The engine is popular in Australia utilized mostly as a reliable pump for remote livestock stations. The engine may still be manufactured and imported by JESCO in California. JESCO also supplies parts. The marine version, using a water-cooled exhaust manifold and expansion tank is also still available from other manufacturers.

Applications:
- 1963-1965 Nissan Caball QC141
- 1964-1970 Nissan Junior Q40, Q41
- 1965-1966 Nissan Caball QC142
- 1966-1971 Nissan Cedric 130
- 1966-1976 Nissan Caball C240 D4
- 1970-1982 Nissan Junior 140-series
- 1971-1975 Nissan Cedric R230
- 1976-1979 Nissan Cedric R330
- 1980-1983 Datsun 720
- Nissan Caravan/Homy RE20-series

===SD23===
The SD23 is a 2289 cc straight four diesel engine with eight valves (two per cylinder), and a distributor type injection pump. It is a bored out version of the SD20, up to 89 mm. It produces 74 PS SAE net at 4,300 rpm and was fitted to the Nissan 720 and D21 Pickups, as well as the E23 Nissan Urvan and export market Y30-series Cedrics. The engine has also been used in many other functions, for forklifts, marine, and stationary applications. Unlike the smaller engines, the SD23 received a five bearing crankshaft. The European-spec version claimed 50 kW, as fitted to the 1985 Urvan.

===SD25===
The 2488 cc SD25 is the biggest version of the four-cylinder SD series, with the larger bore and stroke of 89x100 mm. It was fitted to Nissan 720 pickup trucks 1983 through 1986 and D21 Nissan pickups (only 1986–1988). In some European markets it was also fitted to the Nissan Urvan and Cabstar.

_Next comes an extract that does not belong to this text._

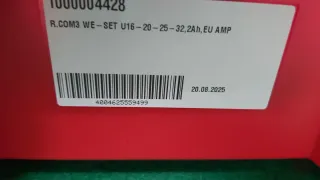 Prensa multicapa ROTHENBERGER nuevas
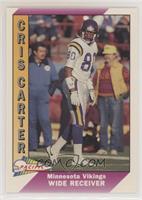 Cris Carter (Cris on Front and Back)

Featured five main bearing crankshaft and redesigned rear main seal.

==Straight-six==

===SD33===

The SD33 is a 3.245 L straight-six diesel engine, most known for its use in the Nissan Patrol MQ (160 series) from 1980-1983 and the Nissan C80. The SD33 produces 95 PS at 3,800 rpm.

In a joint distribution venture with Chrysler started in 1969, this engine was marketed as the Chrysler-Nissan CN6-33 for marine use. Chrysler-Nissan engines were also installed in the International Scout, until the collaboration ended in 1978. The CN6-33 engines are painted yellow and have "Chrysler Nissan" on the valve covers.

The Engine was also used in the UD 3400 series light truck, large forklifts, Marine applications, in International Scout offerings from 1976 to 1979, as well as the Jeep CJ-10/Cj-10A flightline tow vehicles from 1985 to 1986. The Scout-based Monteverdi Sahara was also offered with the SD33.

===SD33T===
The SD33T is a turbocharged 3.245 L straight-six diesel engine that was used in 1980 for the powerplant in 6,400 International Scout II's. All were equipped with a T-19 manual transmission.

From July 1983 until 1987, SD33T engines were fitted to the Nissan Patrol MK (160 series, facelift model). The SD33T produces 110 PS and 255 Nm of torque.